Output exactly the lines below, starting with the line that has "Een brandende witte" and going on through the line that has "Yakın planda beyaz", both included, and no other lines.

> [DATA FOR ANALYSIS]:
────

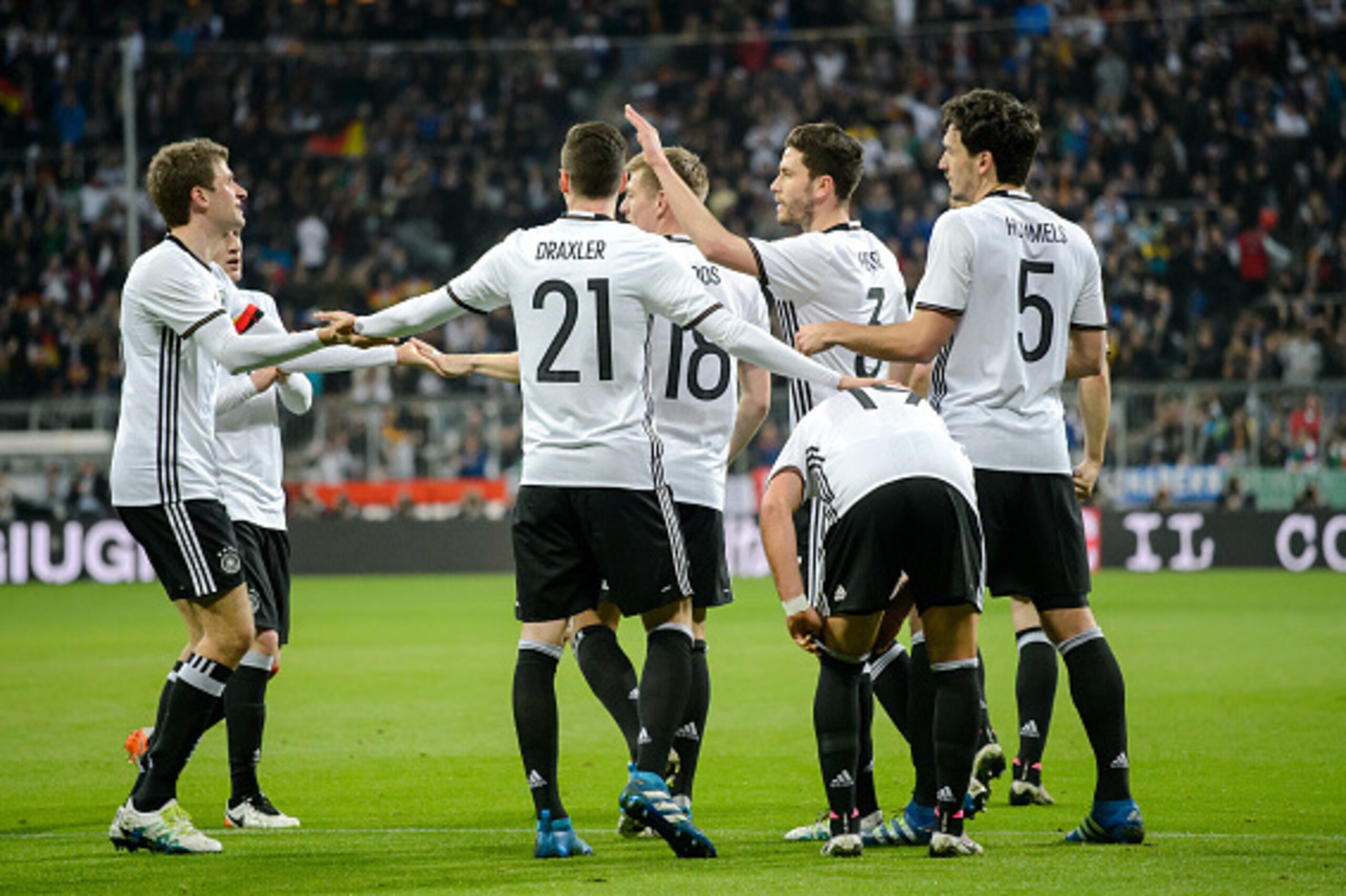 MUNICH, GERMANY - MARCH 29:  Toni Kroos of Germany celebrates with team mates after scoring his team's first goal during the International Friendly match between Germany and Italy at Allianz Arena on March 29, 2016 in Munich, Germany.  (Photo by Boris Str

────

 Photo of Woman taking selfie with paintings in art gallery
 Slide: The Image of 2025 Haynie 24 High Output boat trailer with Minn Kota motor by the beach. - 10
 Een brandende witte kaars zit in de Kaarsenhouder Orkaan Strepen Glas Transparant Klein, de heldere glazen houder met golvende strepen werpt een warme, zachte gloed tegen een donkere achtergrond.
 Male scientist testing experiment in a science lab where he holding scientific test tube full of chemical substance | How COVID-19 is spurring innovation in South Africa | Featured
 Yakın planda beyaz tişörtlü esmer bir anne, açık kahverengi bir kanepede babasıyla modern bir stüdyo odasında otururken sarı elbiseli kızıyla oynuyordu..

────

> [RESULT OF THIS TASK]:
 Een brandende witte kaars zit in de Kaarsenhouder Orkaan Strepen Glas Transparant Klein, de heldere glazen houder met golvende strepen werpt een warme, zachte gloed tegen een donkere achtergrond.
 Male scientist testing experiment in a science lab where he holding scientific test tube full of chemical substance | How COVID-19 is spurring innovation in South Africa | Featured
 Yakın planda beyaz tişörtlü esmer bir anne, açık kahverengi bir kanepede babasıyla modern bir stüdyo odasında otururken sarı elbiseli kızıyla oynuyordu..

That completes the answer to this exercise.